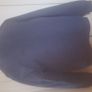 Mens Navy jacket Image 3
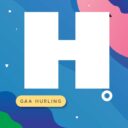 GAA Hurling Text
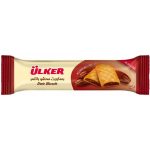 Ulker Tamr Date Biscuits, 300g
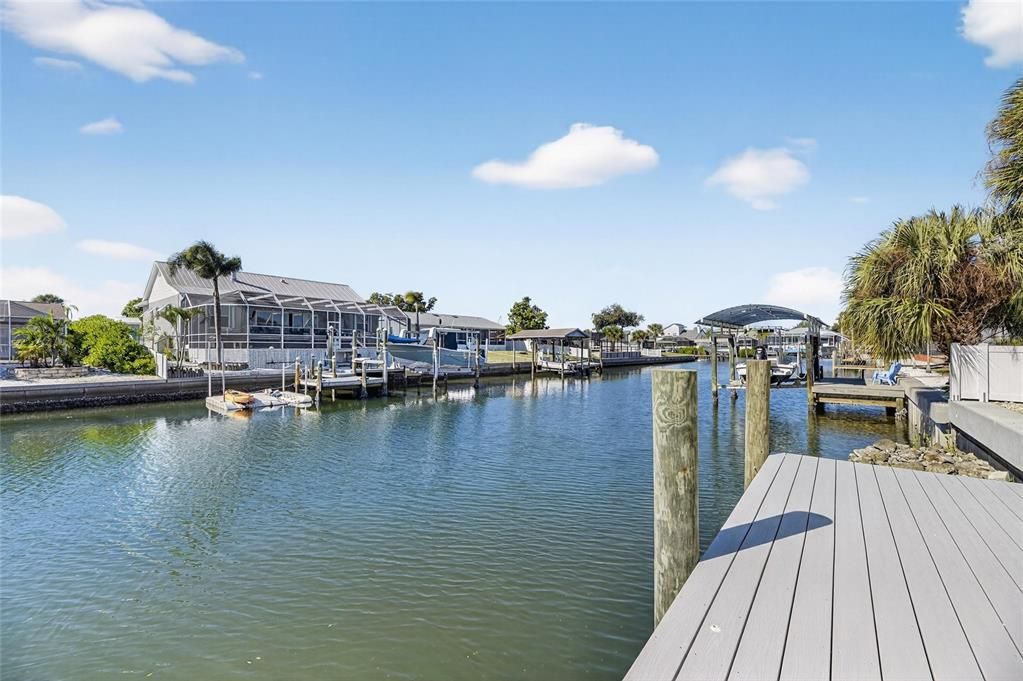 For Rent: $4,200 (3 beds, 2 baths, 1477 Square Feet)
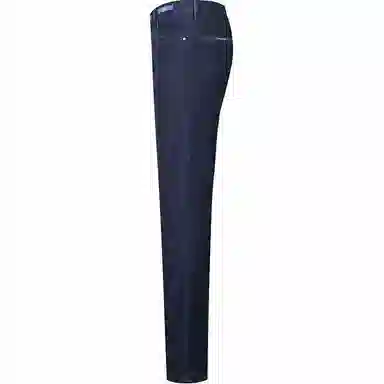 Paul & Shark Yachting Navy Jeans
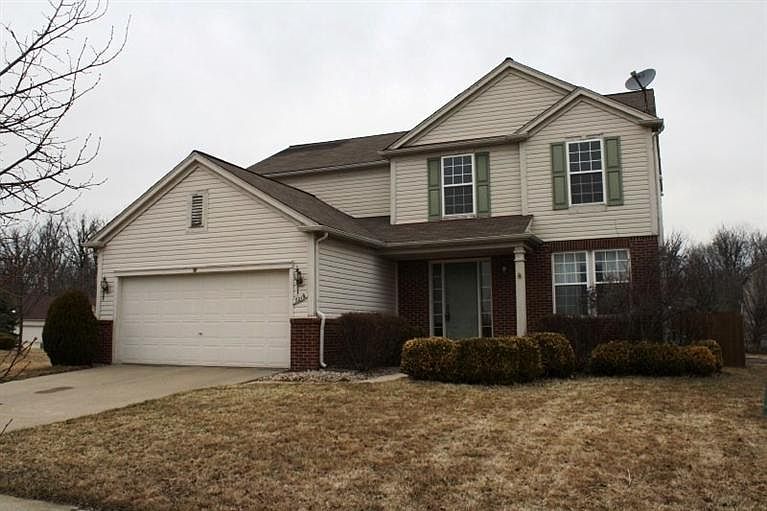 1st image of 7219 Oakridge Dr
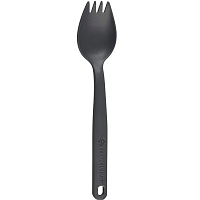 Ложка-вилка Sea To Summit 0056 Camp Cutlery Spork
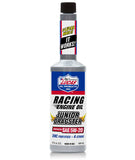 5W-20 JR.DRAGSTER/KARTIN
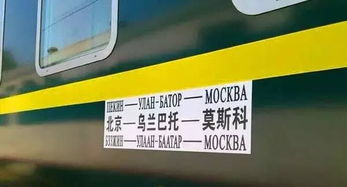 1. 访问俄罗斯铁路公司（RZD）官方网站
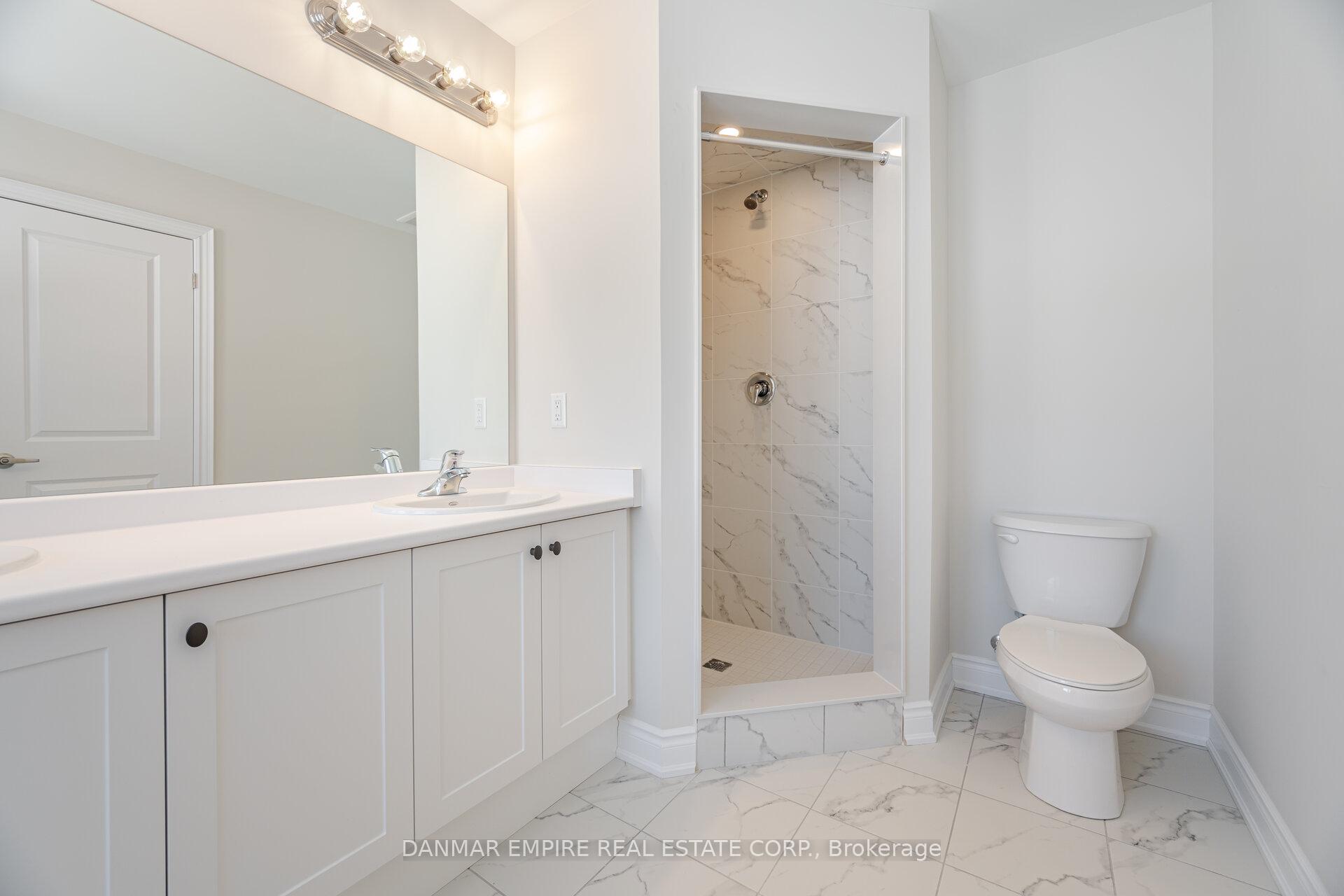 Photo 8 of 2226 Greg Gemmel Way, Innisfil, Churchill — HOMEH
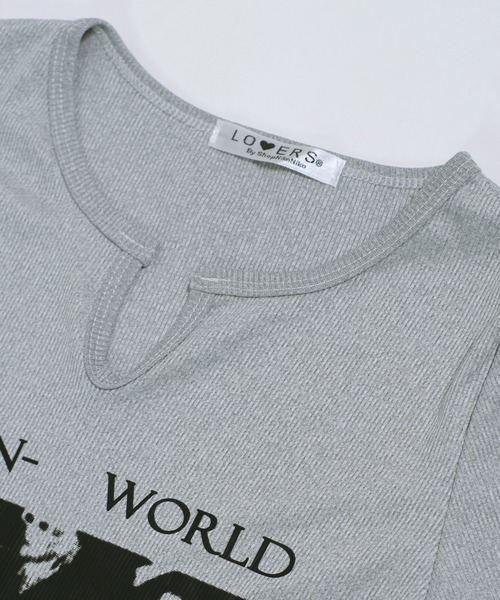 【デザイン◎】DIESEL ロンT 総柄　袖プリント　FUN RUN y2k M デザイン◎】DIESEL ロンT 総柄 袖プリント FUN RUN y2k M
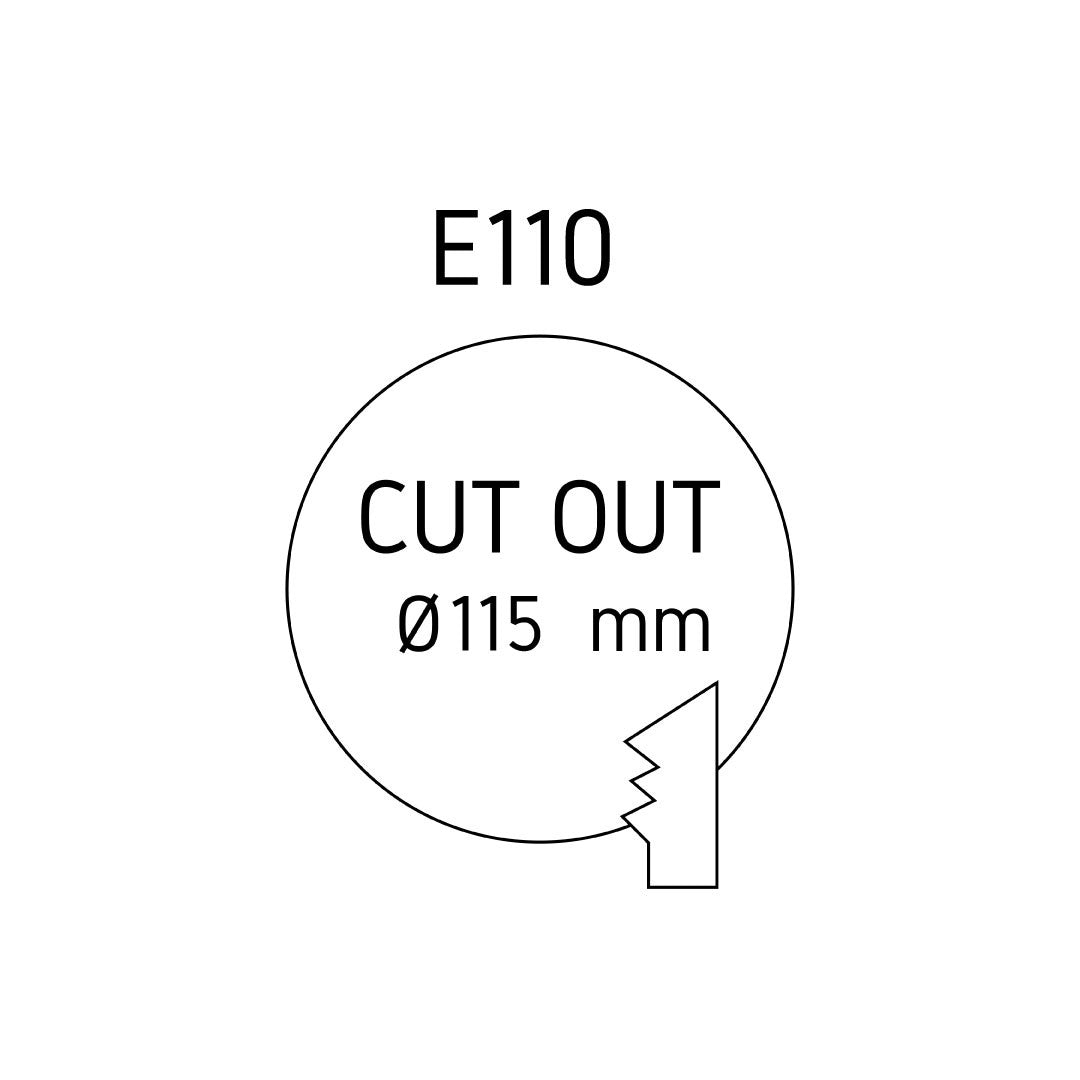 3401110 view 8
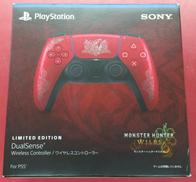 PS5コントローラー|SONY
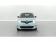 Renault Twingo III Achat Intégral - 21 Life 2022 photo-09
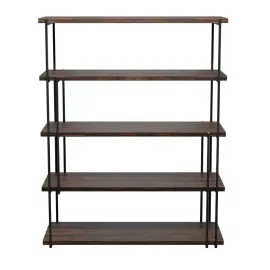 Стеллаж MOD Interiors Benissa, MDI.SH.BS.31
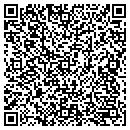 QR code with A F M Local 399 contacts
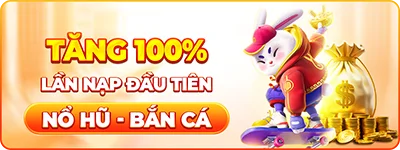 TRANG CHỦ
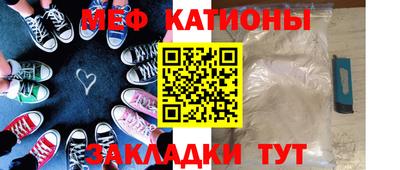 не бодяженный Берёзовский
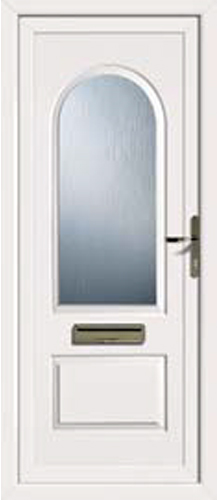 Panel-Door-Arley1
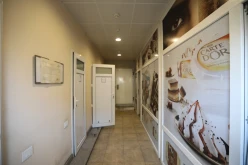 İcarə obyekt 670 m²,  Koroğlu m.-5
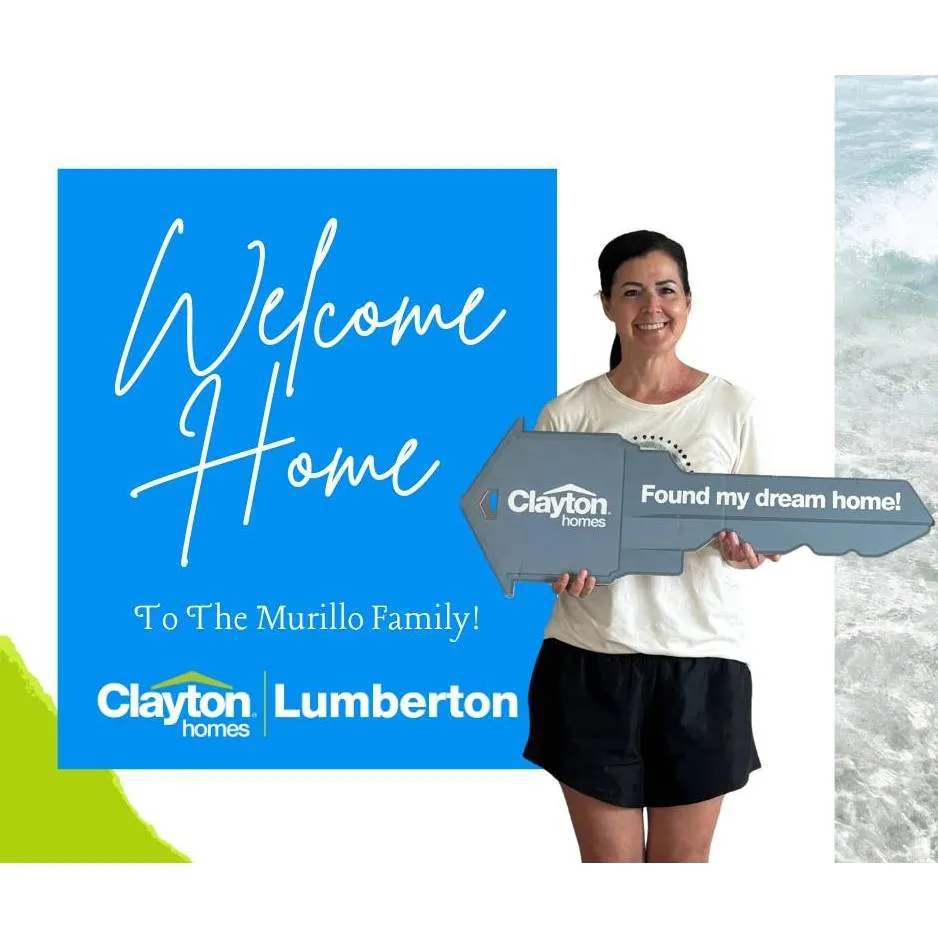 Welcome Home Image 7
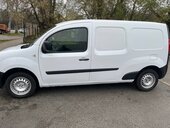 Renault Kangoo 1.5 dci MAXI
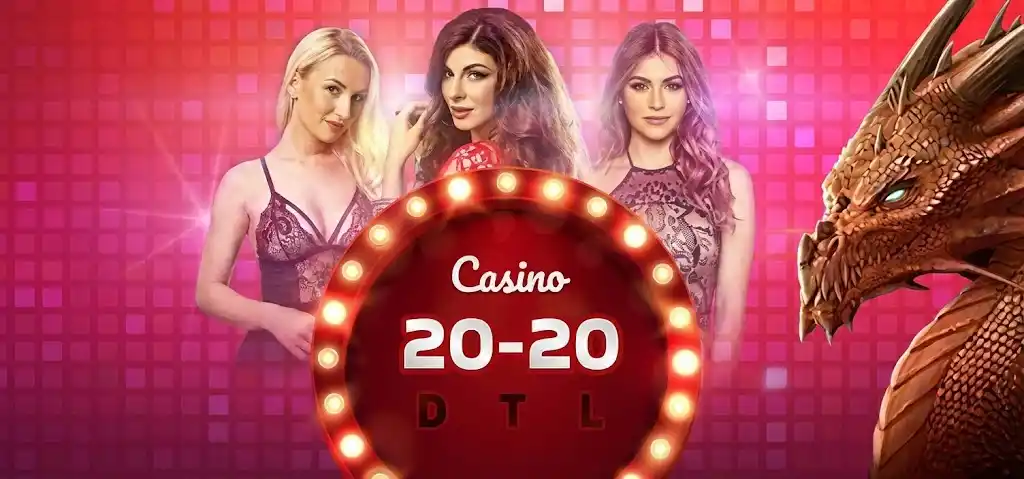 unnamed - 2026-01-23T162634.831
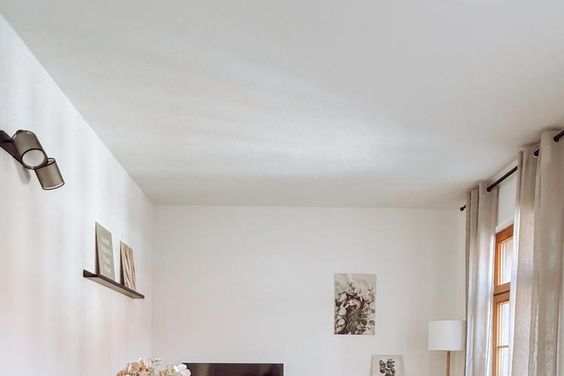 Möbliert/Furnished 3-Zimmer-Apartment in Pirna mit Balkon max. 3 Personen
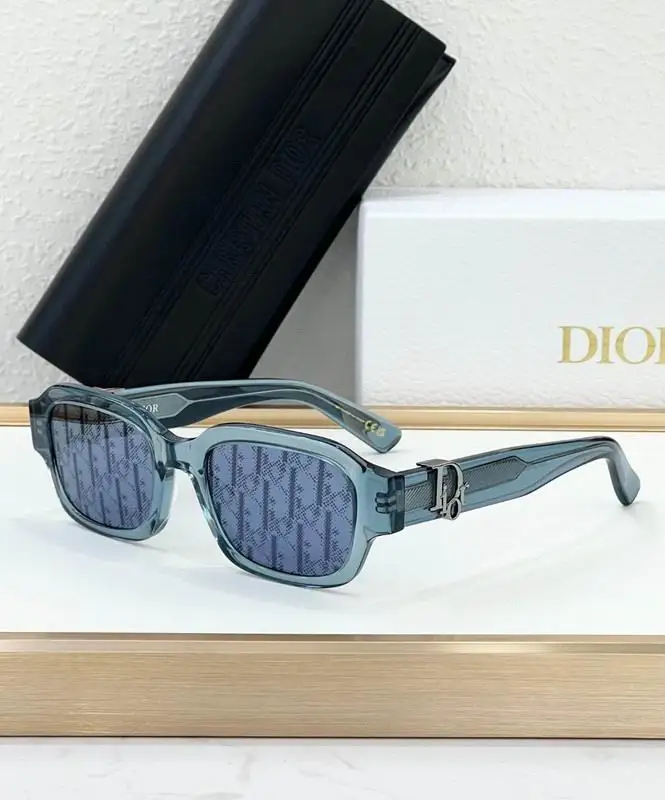 Dior Glasses 03smh102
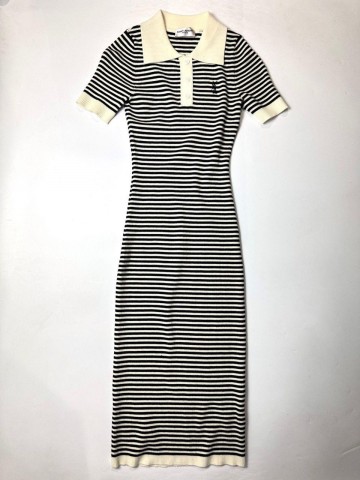 Платье Yves Saint Laurent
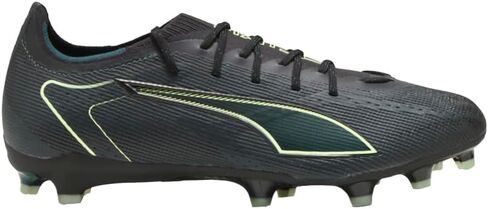 شركة Puma Men's Ultra 6 Pro ، حذاء كرة القدم الأرضي الاصطناعي in Saudi Arabia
--
Work task: The listing above is to be retyped word for word, with the pictures omitted.

Solved problem:
 Mens Navy jacket Image 3
 GAA Hurling Text
 Ulker Tamr Date Biscuits, 300g
 For Rent: $4,200 (3 beds, 2 baths, 1477 Square Feet)
 Paul & Shark Yachting Navy Jeans
 1st image of 7219 Oakridge Dr
 Ложка-вилка Sea To Summit 0056 Camp Cutlery Spork
 5W-20 JR.DRAGSTER/KARTIN
 1. 访问俄罗斯铁路公司（RZD）官方网站
 Photo 8 of 2226 Greg Gemmel Way, Innisfil, Churchill — HOMEH
 【デザイン◎】DIESEL ロンT 総柄　袖プリント　FUN RUN y2k M デザイン◎】DIESEL ロンT 総柄 袖プリント FUN RUN y2k M
 3401110 view 8
 PS5コントローラー|SONY
 Renault Twingo III Achat Intégral - 21 Life 2022 photo-09
 Стеллаж MOD Interiors Benissa, MDI.SH.BS.31
 QR code with A F M Local 399 contacts
 TRANG CHỦ
 не бодяженный Берёзовский
 Panel-Door-Arley1
 İcarə obyekt 670 m²,  Koroğlu m.-5
 Welcome Home Image 7
 Renault Kangoo 1.5 dci MAXI
 unnamed - 2026-01-23T162634.831
 Möbliert/Furnished 3-Zimmer-Apartment in Pirna mit Balkon max. 3 Personen
 Dior Glasses 03smh102
 Платье Yves Saint Laurent
 شركة Puma Men's Ultra 6 Pro ، حذاء كرة القدم الأرضي الاصطناعي in Saudi Arabia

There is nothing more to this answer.